Romero-Munoz is right to focus on the poem’s opening series of declarations as a possible source for subjective agency. The repetition of “I am,” which anchors the first four lines of the poem, reads as a triumphant affirmation of the woman’s subjectivity:


                        I am the woman with the black black skin

                        I am the laughing woman with the black black face

                        I am living in the cellars and in every crowded place

                        I am toiling just to eat

                        In the old and in the heat


The repetition of “black” twice, two times in lines 1 and 2 remind us of the double discrimination the black woman of the poem must bear—a gendered and racialized distress that the insistence of “I am” appears to challenge and override. And yet however assertive the beginning of her declarative sentences appear, they are ultimately tempered by the clauses that follow them.
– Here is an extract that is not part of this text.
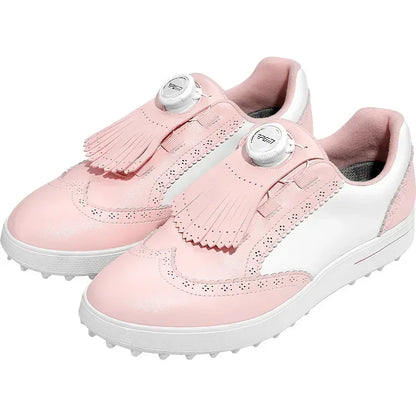 PGM Women Golf Shoes Removable Studs Waterproof Buttons Sports Shoes Non Slip Casual Microfiber Leather Sneakers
If we examine the speaker’s language after the “I am” of each line, we see that her autonomy, quality of life, and her self-portrayal devolve with each line. The speaker begins by asserting, “I am the woman,” a line that declares her as an authoritative speaking subject. However, she then qualifies this state in the next line as she elaborates, “I am the laughing woman.” Here, her laugh appears to mock a society that relegates her to its margins. The following line reveals the material effects of this marginality as she reveals, “I am living in the cellars.” Finally the most dejected and dehumanized line, “I am toiling just to eat,” has completely abandoned the promise of self-sufficiency in line one. Despite our investment to read her as an autonomous subject, we cannot overlook the fact that the subject’s own language—her realization of her social position as black woman—disrupts the initial indemnity of the declarative “I am” syntactical structures. In fact, each “I am” construction is already made tenable by the clauses that separate them. Thus it is the speaker’s “black black” skin and face, she suggests via parallel syntactical structures, that lead to her “living in cellars and in every crowded place” as well as “toiling just to eat.” In the process of articulating her subject position, she becomes cognizant of its effect on her emotional and physical wellbeing.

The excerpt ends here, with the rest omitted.